Luckily, rry only changes when ii<=ny, so we can still use a parfor loop if we first fill rry.
% First fill rry
for ii=1:ny
[diffy,ry,rhoheight,rry] = LoopContent(ii,ny,Ystar,ymean,ryy);
end
% Now run the remainder of the iterations in parallel.
parfor ii=(ny+1):n
[diffy,ry,rhoheight] = LoopContent(ii,ny,Ystar,ymean,ryy);
end
Since you don't show what you are actually doing with the output, I can't tell which variables are actually important to keep after the loop. Currently, the parfor loop doesn't do anything useful, since all variables are overwritten every iteration.
It doesn't help that you decided to remove all comments before you posted your code. Please leave them in next time. They are a great tool to make sure you explain what your code is doing and why. (and if you don't have comments yet: you will forget what this code does, so without comments you will have to redo everything when you look at this code again in 6 months)
Hi Rik,
Thank you for your fast reply. Below are the actual code of mine as the sniplet of code is creating confusion.
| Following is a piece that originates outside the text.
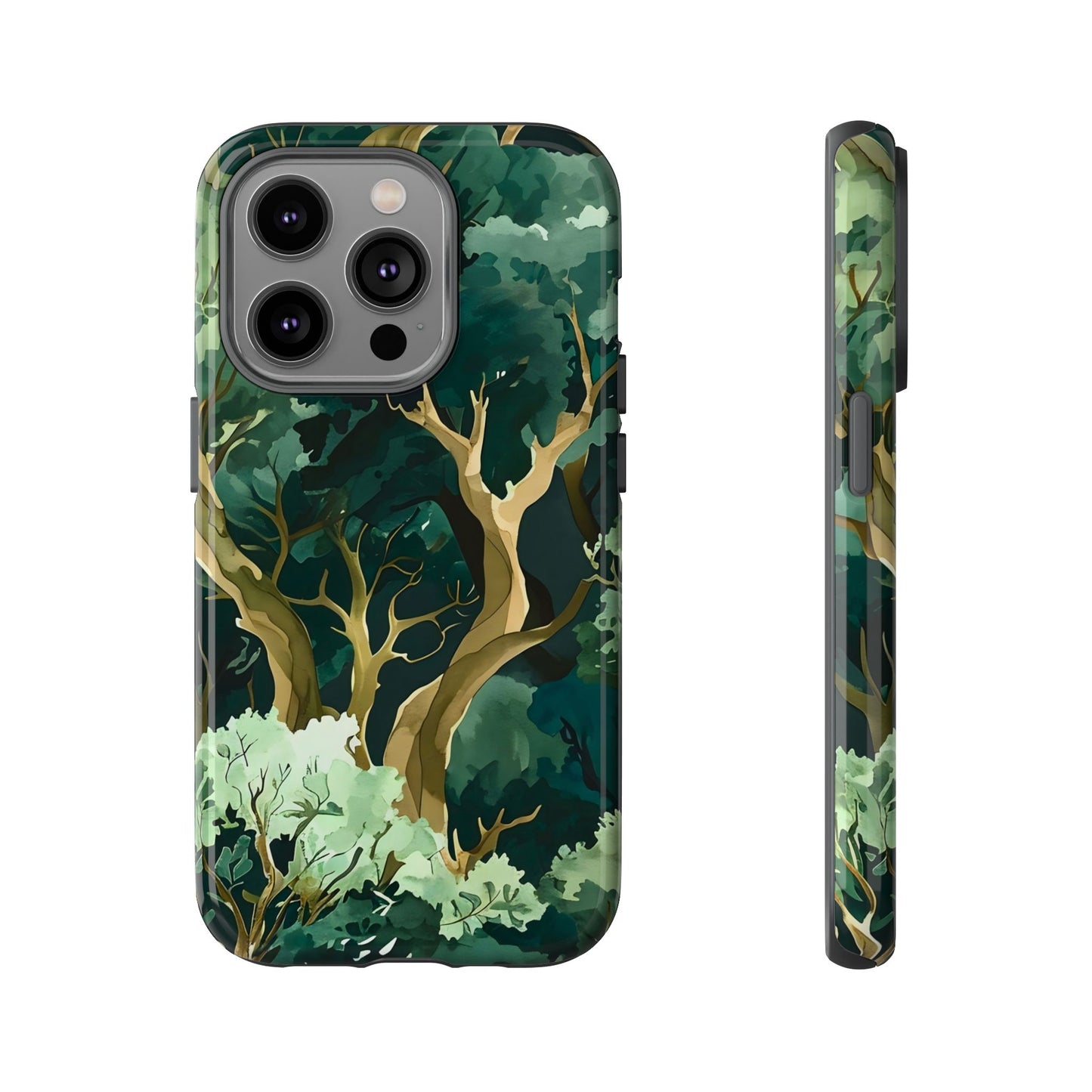 Forest Green Phone Case, Nature-Inspired Tough Cases, Eco-Friendly Gift, Outdoor Lover Accessory, Unique Phone Cover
First I need to trace the index (ry) of a parcel to obtain rhoheight from the temperature field. The temperature field will be sorted in descending order is called rhosortedprofile. rystar is the index of the parcel after sorting.
I will need to calculate the area under the curve (rhostarprofile) with the limit of ry:rystar or rystar:ry. I am usage mod the get the remainder to map back the ry, since the value is the same for ny step.
The reason I wanted to use parfor is because when n>150000000, the code runs very slow. The file temp.mat can be downloaded.
I appreciate your helps.
Thank you,
Lam
load temp.mat
ny = 133;
rry = zeros(ny,1);
for k = 1:n <------- %I wanted to implement parfor here
rho = tmean(k); % selected parcel
%%%%%%%%%%%%%%%%%%%%%%%%%%%%%%%%%
% Find the index of the parcel after sorting
rystar = idxnew(k); % rystar is index of C_sorted(:,1) (sorted 1D Tmean array)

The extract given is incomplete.